La décision du Saint Siège est ferme et tient en quatre points : un commissaire pontifical va être nommé pour accompagner l’ensemble de la Famille et ses prieurs généraux en remplacement de Mgr Brincard, délégué pontifical pour les sœurs contemplatives mais aussi assistant religieux pour les frères et les sœurs apostoliques, qui avait fait savoir qu’il était malade il y a quelques mois. Par ailleurs, «la congrégation des sœurs contemplatives de Saint Jean tiendra dès que possible son Chapitre général pour choisir son gouvernement propre».

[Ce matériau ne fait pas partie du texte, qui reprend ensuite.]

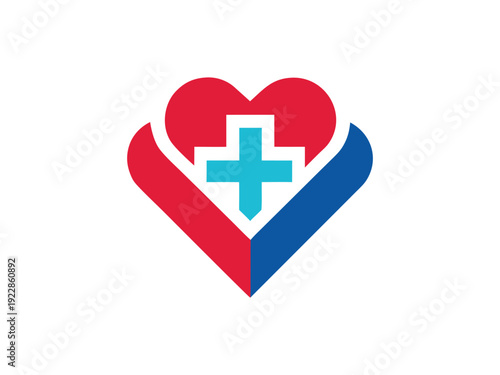 Health Care Love Symbol with Cross Icon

Et, décision sans doute la plus attendue, «les ex-sœurs qui ont canoniquement quitté la congrégation des sœurs contemplatives de Saint Jean et les laïques qui voudront s’unir «pourront librement constituer une association publique de fidèles en vue de devenir un institut religieux. » » Cependant, précise la lettre «dans l’éventualité où une association ferait d’une quelconque manière référence au Père Marie-Dominique Philippe, l’Evêque diocésain, avant d’ériger une telle Association publique ou d’en approuver les normes internes, devra demander l’avis de la Congrégation pour les instituts de vie consacrée et s’en tenir aux instructions que le dicastère lui donnera, compte tenu du fait que les contenus de ce charisme sont actuellement objet de discernement.» Enfin, les sœurs qui avaient été éloignées des charges du gouvernement sont «définitivement exclues de la vie religieuse».

Une histoire compliquée
Revenons sur cette histoire compliquée. Depuis quelques temps déjà, la branche des contemplatives est fortement divisée. «La dissidence est assez majoritaire à l’intérieur de la communauté, expliquait le père Michel Cacaud, vicaire épiscopal à Lyon et assistant Délégué pontifical, il y a quelques mois. On met en avant quatre personnes mais il n’y a pas qu’elles. Tout un groupe de sœurs s’est formé autour d’elles et sont en désaccord avec le Délégué pontifical.» D’autres décrivaient une situation alarmante : «Certaines sœurs contemplatives sont profondément blessées par des années de dysfonctionnements. A une sœur qui était en désaccord avec elle, par exemple, une prieure a expliqué qu’elle était « tentée »… Dans un des prieurés, les dépenses en neuroleptiques et anxiolytiques s’élevaient à plus de 1000 euros par mois. »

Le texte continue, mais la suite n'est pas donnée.